Francis Hulse Boly moved to Portland from Kansas with her family the summer before her senior year, arriving here during the Rose Festival parade. Francis, thrilled with the roses and the spectacle, told her father she wanted to participate next year.
Francis found a job at Meier & Frank’s department store, where she met Dorothy Hardin (class of ’37),the reigning Rose Festival Queen . Dorothy befriended Frances and advised her to become involved in any activity at Grant that would give her experience on stage. The advice worked well, and Francis was named the 1938 Rose Festival Queen.
As Rose Festival Queen, Frances dubbed herself the Dust Bowl Queen. She gave roses from her float to so many along the parade route who said they were also from Kansas, that the floral arch above her was bare by the end of the day.
Frances worked as a counselor secretary at both Adams and Madison High Schools after the death of her husband. She has lived in the same house on Alameda where she and her husband moved in 1953 and where they reared their six sons. Frances appeared in Grant’s Rose Festival assembly in 1989, and made an appearance at Grant’s Last Stand before an audience who stood in honor her entire time on stage.
Jean Acorn Vancil
Jean Acorn Vancil,a Phi Beta Kappa graduate of Whitman College, was hired at Grant to teach English and develop the choral program. Although she weighed 100 pounds and was scared thinking she was the youngest faculty member, she was determined that neither youth, size, nor fright would defeat her.

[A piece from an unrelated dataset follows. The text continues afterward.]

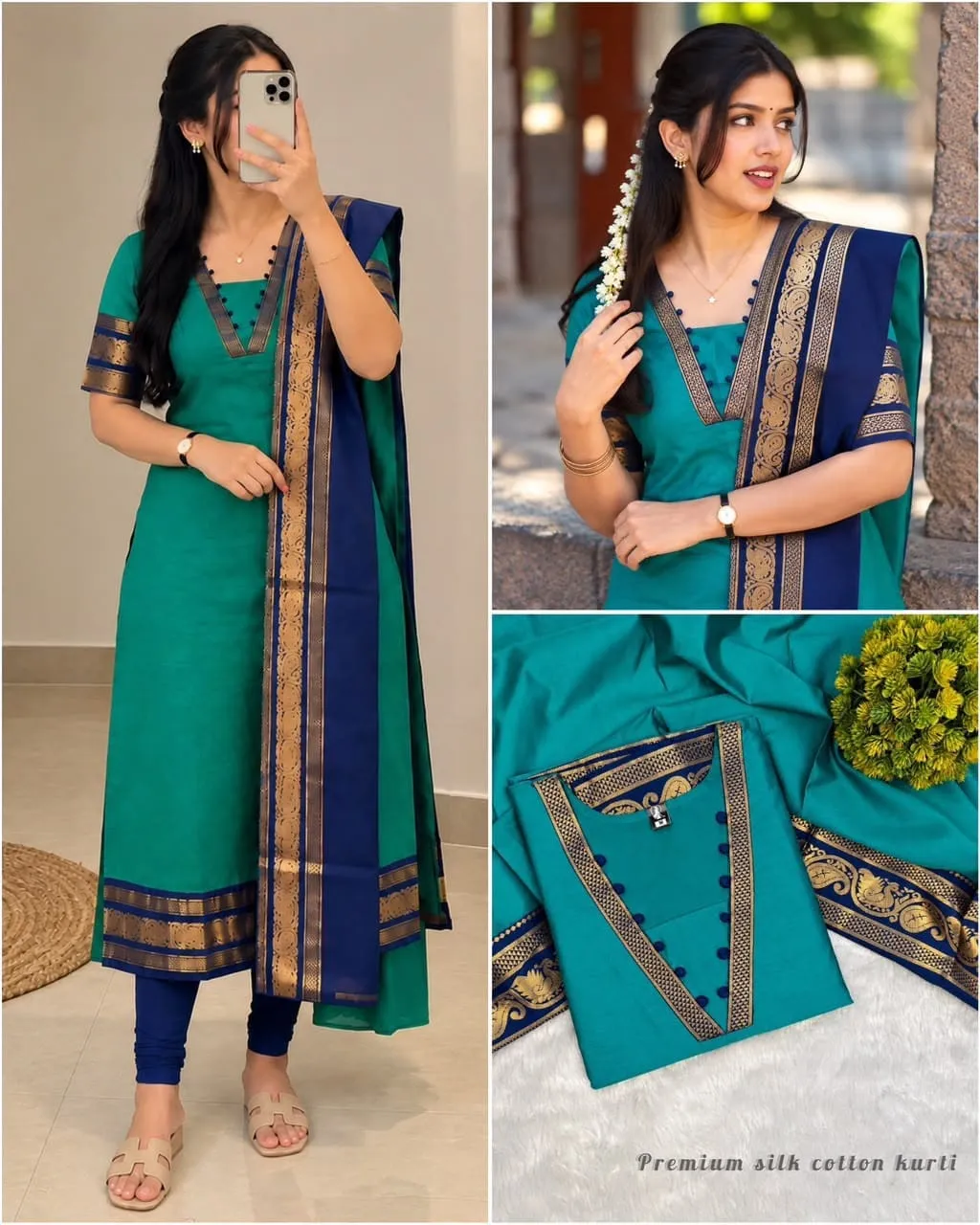 Women's Silk Cotton Festival Wear Kurti Set with Contrast Zari Weaving Dupatta | S to 3XL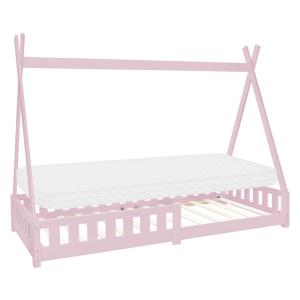 Cama infantil tipi 90x200cm color rosa con colchón, anticaí…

In 1935 she attended a master choral workshop inspiring her to be the first Portland high school teacher to incorporate an a cappella program. As the music program grew, her English and drama assignments faded. She was a strong disciplinarian in her effort to teach “manners and morals as well as music,” and set high standards and expectations for being in the choir. Former students vividly recall “Tussy Talks” where she introduced the need to shower, comb your hair, stand up straight, sparkle while on stage, and respect others' faiths, which she did by using music from all religions. Her students so admired her that boys would form a chair by crossing their arms to carry her up and down the stairs because of the weakness in her legs due to polio.

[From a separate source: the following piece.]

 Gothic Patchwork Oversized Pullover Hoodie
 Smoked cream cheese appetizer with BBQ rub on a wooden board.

In an Oregonian article, Vancil is quoted "There was keen competition for scholarship, respect for the faculty, for the school itself. Not all the years were the same, but the name Grant High School, the memory of students and parents has stayed with me. Those were my golden years. If I had any measure of success it was shared by loyal students who had pride, and by their parents and by the community, coupled with the fact that I was able to create in a school where there was never any interference from the administration."
She retired in 1965 after a 37 year career at Grant. Mrs. Vancil passed away in 1998.
Bruce McDonald
Bruce McDonald, Phi Beta Kappa at the University of Oregon, taught theatre in Portland Public Schools for 18 years; 14 of those at Grant High School. He was also Activities Director and Community Relations Coordinator at Grant for some of those years.
Craving adventure, Bruce then went abroad for 20 years, teaching in Germany, Belgium, Turkey, Brazil, India and Serbia. In every school he worked, he always pur on the biggest shows that school had ever seen. This is not a surprise, considering that while at Grant Bruce was noted for his mega-musicals; noteworthy were "The Music Man," "My Fair Lady," "Fiddler on the Roof "(the biggest with a cast of 603), and "Oliver" (a close second with a cast of 600).
Now retired and back in Portland, Bruce enjoyed working on the commemoration program for Grant’s Last Stand as writer and director. It was entitled “Loyal and True to the Blue and Gray” and was his 224th production.